### Problem
Retyped exactly and without pictures, the lines from the one with "Carol Storm Quotes: Katie" through the end of the listing must form the entire answer.

### Data block

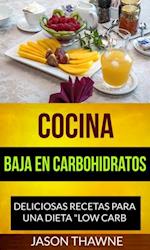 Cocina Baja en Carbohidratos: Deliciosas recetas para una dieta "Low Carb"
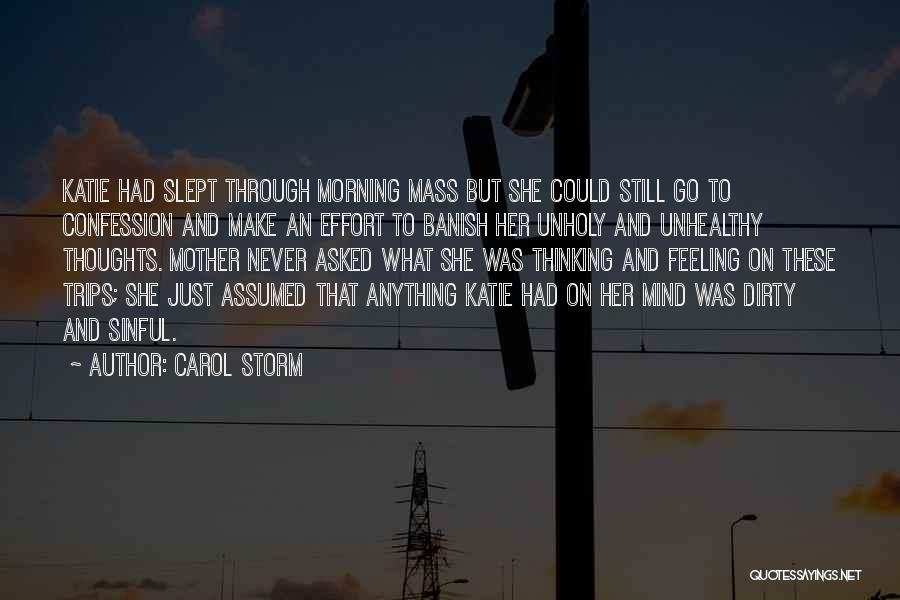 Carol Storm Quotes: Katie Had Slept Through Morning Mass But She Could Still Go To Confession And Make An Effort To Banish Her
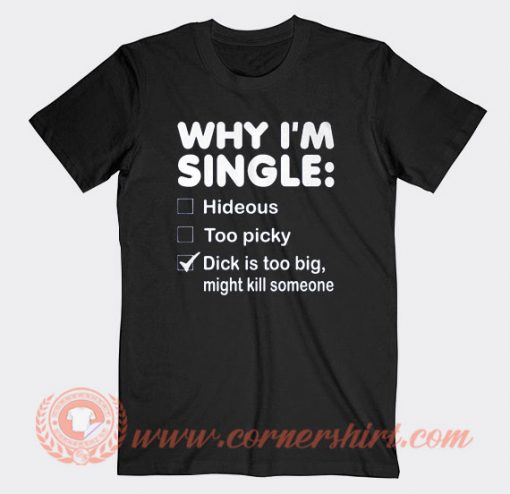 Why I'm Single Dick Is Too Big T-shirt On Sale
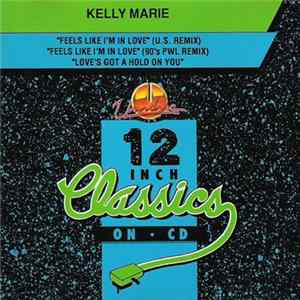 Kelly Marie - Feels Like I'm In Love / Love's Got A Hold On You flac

### Exercise output
 Carol Storm Quotes: Katie Had Slept Through Morning Mass But She Could Still Go To Confession And Make An Effort To Banish Her
 Why I'm Single Dick Is Too Big T-shirt On Sale
 Kelly Marie - Feels Like I'm In Love / Love's Got A Hold On You flac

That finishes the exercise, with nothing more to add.